Bu tarz değişiklikler, ne yazık ki siyasi dava süreçlerinde sıklıkla gözlemlenmekte ve çoğunlukla Sanıkların aleyhine bir sonuç doğurmaktadır. 2010 senesinde başlayan Balyoz Davası, 12 yıldır sürmektedir. Her aşamasında hukuka aykırı delil, karar ve uygulamaların etkisi görünen bu siyasi yargılama sürecinde Adil Yargılanma Hakkı'na uygun bir karar verilmesi kamuoyunun beklentisidir.

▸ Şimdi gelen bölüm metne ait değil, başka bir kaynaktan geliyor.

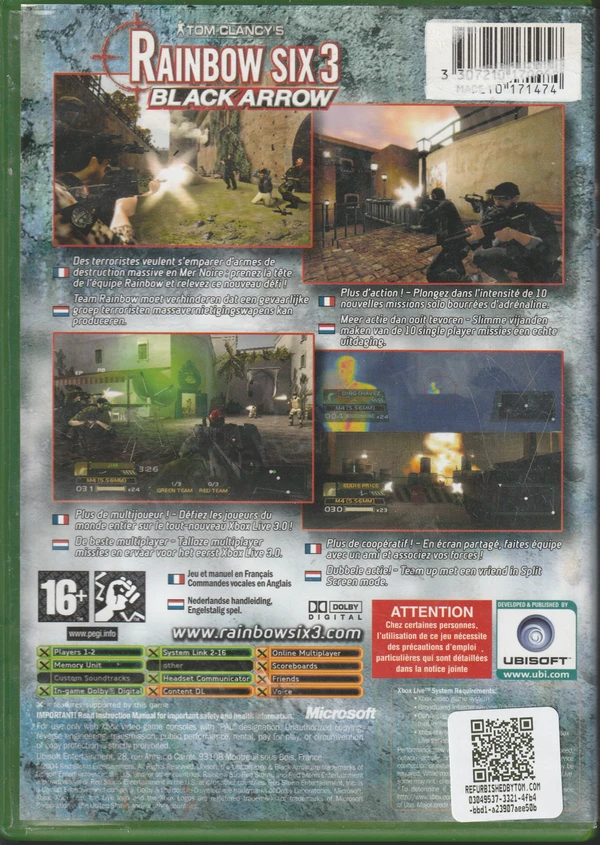 Tom Clancy's Rainbow Six 3: Black Arrow (Xbox Original) (achterkant)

Ancak, iktidar temsilcileri tarafından halihazırda bir iç politika malzemesi yapılan davadaki siyasi etki de bir o kadar barizdir.
Geçmişte örneğine sıkça rastladığımız, görev taltifi adı altında gerçekleşen bu müdahalelerin Adil Yargılanma Hakkı'nın ihlalini oluşturduğu ise şüphesidir. Siyasilerin yargıyı bir araç olarak kullanma beklentisi, adalet sisteminin en büyük sorununu oluşturmaktadır.”